Problem requirements: Your answer must be an exact repeat of the lines from the one containing "Foto-obraz ścienny grafika" through the last line of the records, both included, with no pictures.

(Records shown begins)

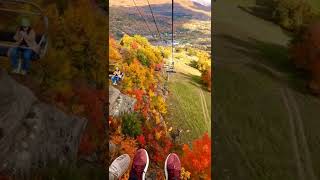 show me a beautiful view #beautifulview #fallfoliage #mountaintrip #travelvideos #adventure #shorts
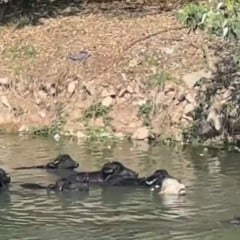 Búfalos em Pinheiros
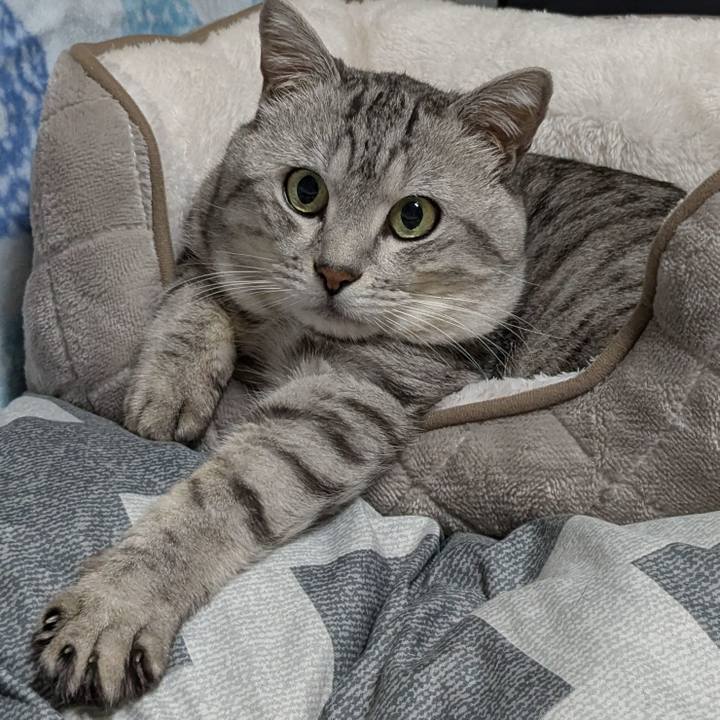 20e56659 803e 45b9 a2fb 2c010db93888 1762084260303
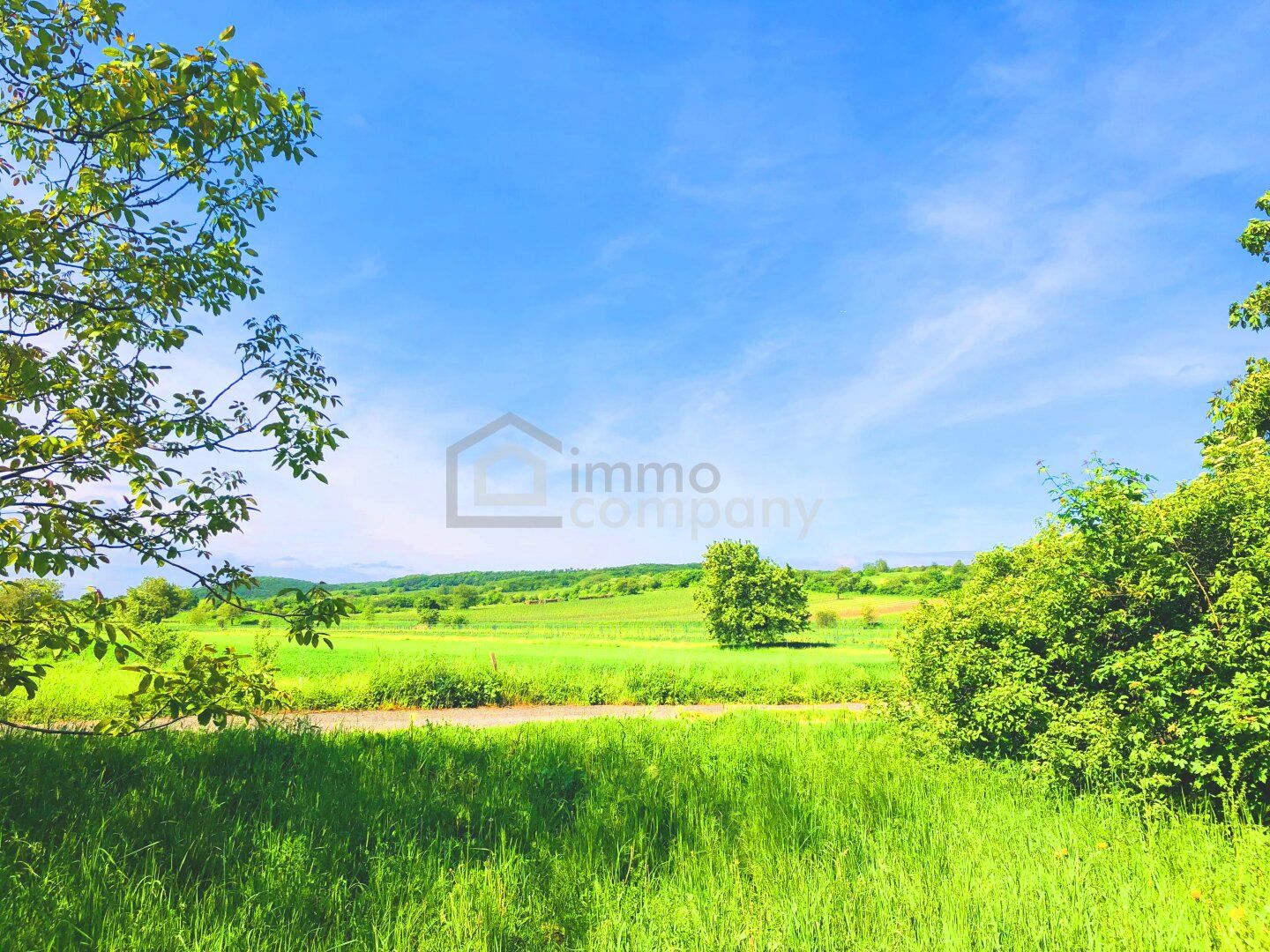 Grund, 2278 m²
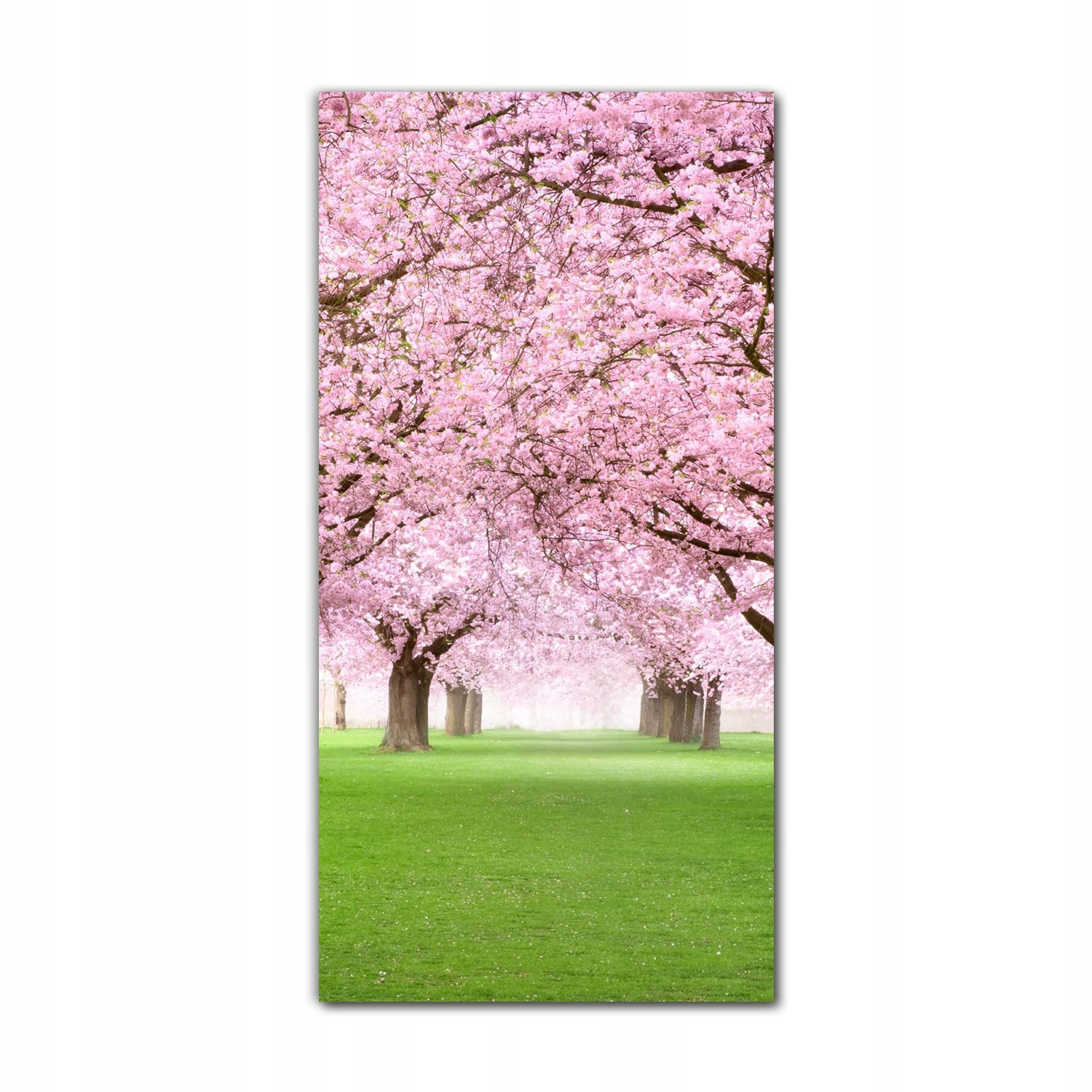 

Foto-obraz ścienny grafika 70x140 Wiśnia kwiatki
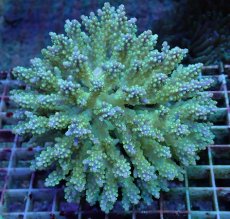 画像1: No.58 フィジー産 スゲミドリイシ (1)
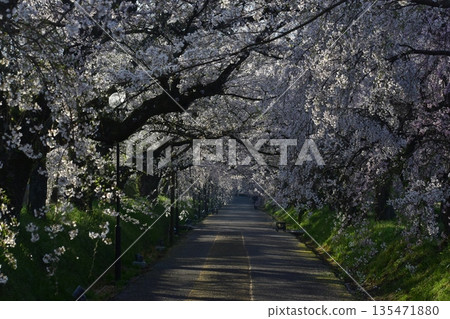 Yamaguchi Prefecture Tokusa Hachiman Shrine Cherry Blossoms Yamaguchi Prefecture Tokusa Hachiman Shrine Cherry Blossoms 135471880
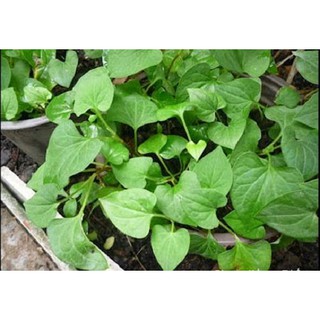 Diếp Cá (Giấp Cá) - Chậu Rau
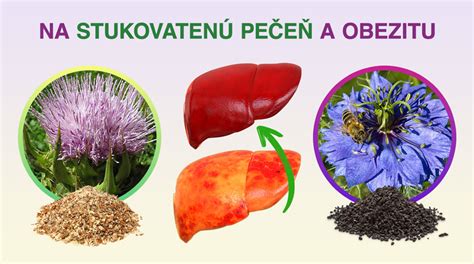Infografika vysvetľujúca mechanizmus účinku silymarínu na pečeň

(Records shown ends)

Response:
Foto-obraz ścienny grafika 70x140 Wiśnia kwiatki
 画像1: No.58 フィジー産 スゲミドリイシ (1)
 Yamaguchi Prefecture Tokusa Hachiman Shrine Cherry Blossoms Yamaguchi Prefecture Tokusa Hachiman Shrine Cherry Blossoms 135471880
 Diếp Cá (Giấp Cá) - Chậu Rau
Infografika vysvetľujúca mechanizmus účinku silymarínu na pečeň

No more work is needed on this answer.